Christopher Kevin Willis (born February 26, 1969) is an American singer, songwriter, and record producer. Although initially a gospel singer, he later received international attention for his collaborations with house music artist David Guetta, including the songs "Just a Little More Love", "Love Don't Let Me Go, "Love Is Gone", "Tomorrow Can Wait", "Everytime We Touch" (with Steve Angello and Sebastian Ingrosso), "Would I Lie to You" (with Cedric Gervais) and "Gettin' Over You".

Biography 
Originally a gospel singer, with the Heritage Singers and others, he was featured on the pop-classical album Handel's Messiah – A Soulful Celebration in 1993, singing a contemporary version of "Every Valley Shall Be Exalted". His first job after college in Alabama was touring with a group that sang hundreds of shows in churches over a two-year period. In the mid-1990s, he toured as backup vocalist for Twila Paris. In 1996, he released his debut self-titled album, for which he wrote or co-wrote eight of the eleven songs, and earned a nomination for Best R&B Album at the 1996 Nashville Music Awards. That year, he opened on tour for Mark Lowry, and was one of several featured singers in the musical showcase Emmanuel, a national tour put together by Nashville producer Norman Miller. The tour spawned an album, which won a GMA Dove Award in 1998 for Special Event Album of the Year. He did mostly gospel until 1998 when he signed with a small music label. The label was bought out by a large corporation and Willis took that as a cue to move on. During this time he also worked to resolve the "angst" from being closeted about his sexuality, "I always felt like God really understood—but that wasn't the message I was receiving in the church. So, when I moved out on my own I really internalized that message that God makes us who we are and that it's up to us to embrace that or not. I chose to embrace all those things as freedom, and that freedom begat the freedom I experience now." He cites his internalized struggle as important to his transitioning out of gospel music. "I think there's this unspoken denial that you go through in gospel—maybe so in other musical art forms too—but I just felt for me it just wasn't easy to keep perpetuating that." On June 2, 2014, Willis married Jacqueline Leiske.

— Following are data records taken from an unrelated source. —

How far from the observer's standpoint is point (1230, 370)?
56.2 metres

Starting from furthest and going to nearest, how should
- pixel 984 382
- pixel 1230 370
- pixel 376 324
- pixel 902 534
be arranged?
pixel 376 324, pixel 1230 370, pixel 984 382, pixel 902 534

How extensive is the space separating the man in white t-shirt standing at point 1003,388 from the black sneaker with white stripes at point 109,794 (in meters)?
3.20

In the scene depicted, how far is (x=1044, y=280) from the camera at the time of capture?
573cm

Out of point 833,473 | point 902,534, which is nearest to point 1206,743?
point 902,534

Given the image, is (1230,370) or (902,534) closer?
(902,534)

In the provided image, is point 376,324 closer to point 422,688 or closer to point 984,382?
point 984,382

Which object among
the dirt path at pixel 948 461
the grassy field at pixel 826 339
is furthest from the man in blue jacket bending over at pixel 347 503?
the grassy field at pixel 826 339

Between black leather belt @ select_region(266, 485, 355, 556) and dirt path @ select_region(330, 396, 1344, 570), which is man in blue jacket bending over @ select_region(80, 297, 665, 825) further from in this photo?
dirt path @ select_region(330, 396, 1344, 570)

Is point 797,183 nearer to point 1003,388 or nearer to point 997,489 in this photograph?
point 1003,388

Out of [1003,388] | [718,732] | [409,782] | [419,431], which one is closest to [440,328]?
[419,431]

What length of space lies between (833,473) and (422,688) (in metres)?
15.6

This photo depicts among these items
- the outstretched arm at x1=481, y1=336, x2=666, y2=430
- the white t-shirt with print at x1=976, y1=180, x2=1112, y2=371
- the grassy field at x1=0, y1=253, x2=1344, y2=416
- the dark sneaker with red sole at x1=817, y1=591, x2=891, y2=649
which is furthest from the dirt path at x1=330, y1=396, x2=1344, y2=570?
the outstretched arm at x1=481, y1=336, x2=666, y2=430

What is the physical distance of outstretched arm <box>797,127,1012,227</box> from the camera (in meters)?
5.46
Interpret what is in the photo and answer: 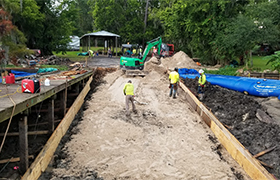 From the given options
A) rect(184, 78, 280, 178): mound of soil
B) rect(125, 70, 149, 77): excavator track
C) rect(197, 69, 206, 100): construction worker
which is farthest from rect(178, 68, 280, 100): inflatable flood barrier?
rect(125, 70, 149, 77): excavator track

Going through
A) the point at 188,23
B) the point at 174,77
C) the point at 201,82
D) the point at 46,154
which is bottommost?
the point at 46,154

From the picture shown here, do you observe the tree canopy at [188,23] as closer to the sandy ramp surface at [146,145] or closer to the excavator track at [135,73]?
the excavator track at [135,73]

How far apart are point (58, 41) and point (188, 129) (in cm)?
2525

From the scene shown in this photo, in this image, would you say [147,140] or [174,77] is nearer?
[147,140]

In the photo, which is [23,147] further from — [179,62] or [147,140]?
[179,62]

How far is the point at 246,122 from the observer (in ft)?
31.3

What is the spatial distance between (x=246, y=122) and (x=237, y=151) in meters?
3.11

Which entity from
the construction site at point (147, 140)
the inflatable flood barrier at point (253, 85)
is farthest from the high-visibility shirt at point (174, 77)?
the inflatable flood barrier at point (253, 85)

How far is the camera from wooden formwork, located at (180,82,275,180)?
570cm

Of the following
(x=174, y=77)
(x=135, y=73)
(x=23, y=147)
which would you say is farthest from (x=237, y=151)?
(x=135, y=73)

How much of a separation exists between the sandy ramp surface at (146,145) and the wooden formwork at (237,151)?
209 mm

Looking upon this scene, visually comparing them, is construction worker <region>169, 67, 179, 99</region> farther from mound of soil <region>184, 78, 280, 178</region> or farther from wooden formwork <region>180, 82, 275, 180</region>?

In 2000 he was working with the French boy band 2Be3 and when doing some publicity for their album in Paris one of the bandmates introduced him to house musician and producer David Guetta. Guetta invited Willis to the studio and the next day they wrote 'Just a Little More Love.' Willis co-wrote and provided most of the vocals on Guetta's debut album Just a Little More Love, including the hit title track.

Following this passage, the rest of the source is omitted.